The Press
Le Placard
Dans un espace carcéral indéfini, camp de concentration ou prison ultra-moderne, qui est aussi un chantier de construction, deux prisonniers, Ancel et Gruber, se tuent au travail. Ils bâtissent le futur Palais de la Culture à la gloire du Boss, le dictateur d'un régime sanguinaire dont Ancel fut jadis le poète officiel, avant d'en découvrir toute l'horreur et d'entrer en résistance. Quant à Gruber, peintre prolétaire, il fut un dissident de la première heure, et continue à protester depuis sa prison en peignant le chaos ambiant de tous ses fluides corporels. Le huis clos entre les deux hommes est interrompu par les visites des émissaires du Boss - Feck, le gardien de prison sadique, Petra, la fille du Boss et ancienne maîtresse d'Ancel, et Hamm et Sham, les deux clowns grotesques qui furent jadis ses élèves avant de vendre leur âme au Boss - qui se succèdent auprès d'Ancel pour le convaincre de renoncer à sa posture de résistance : il suffirait qu'il écrive un seul poème à la gloire du Boss pour sortir de prison.
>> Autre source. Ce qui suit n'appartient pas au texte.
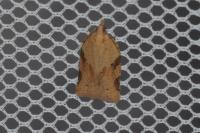 Clepsis spectrana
La pièce se souvient de la montée des totalitarismes et des grands cataclysmes humains du XXe siècle, mais aussi, obliquement, de l'attitude intraitable du pouvoir britannique face au combat des prisonniers républicains irlandais au début des années 1980. Allégorie tragique et burlesque sur la responsabilité de l'artiste face au pouvoir, elle s'inscrit dans la grande tradition du théâtre irlandais, à la suite de W.B. Yeats et de Samuel Beckett, mais invente un langage dramaturgique singulier et éminemment contemporain en détournant les codes du réalisme.